● EXERCISE AIM
Please transcribe the data below exactly. Leave the pictures out.

COLLECTED DATA below:

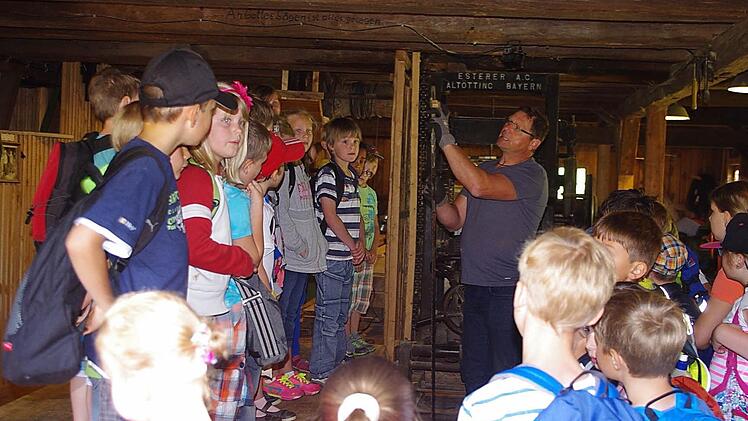 Stefan Reif erklärte den jungen Gästen, wie die Säge funktioniert.  Foto: Heike Schülein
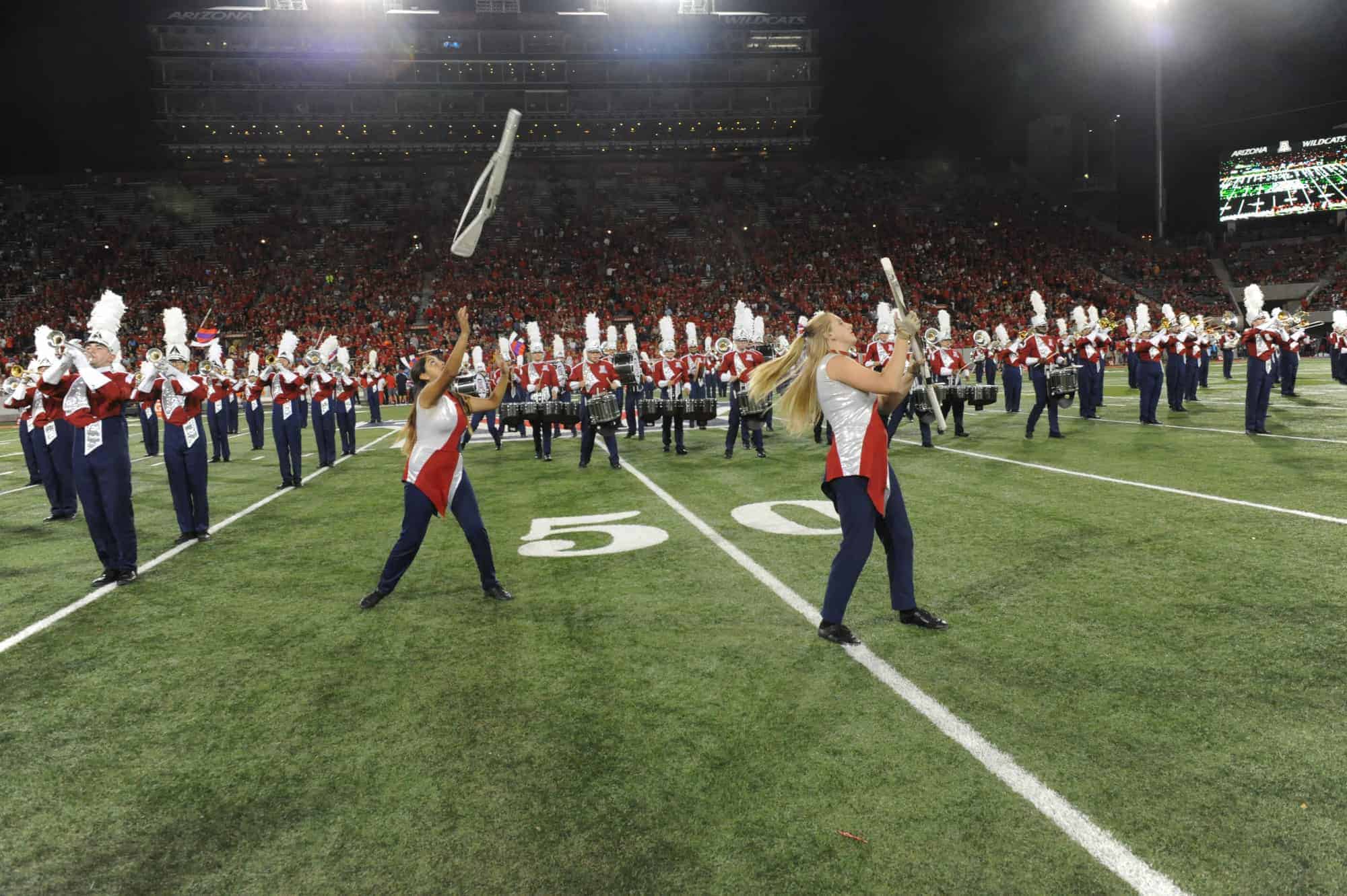 WSU vs UA Halftime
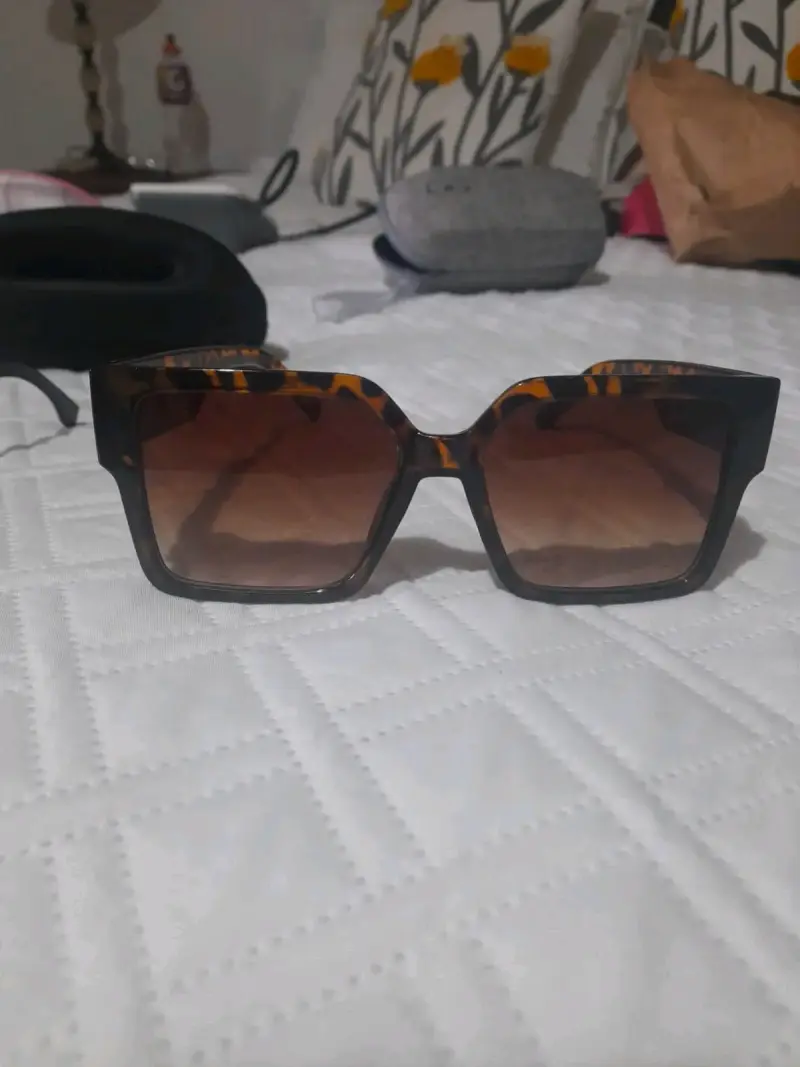 Gafas de sol estilo vintage con marco grueso - 6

End of COLLECTED DATA.

● RESPONSE BELOW
 Stefan Reif erklärte den jungen Gästen, wie die Säge funktioniert.  Foto: Heike Schülein
 WSU vs UA Halftime
 Gafas de sol estilo vintage con marco grueso - 6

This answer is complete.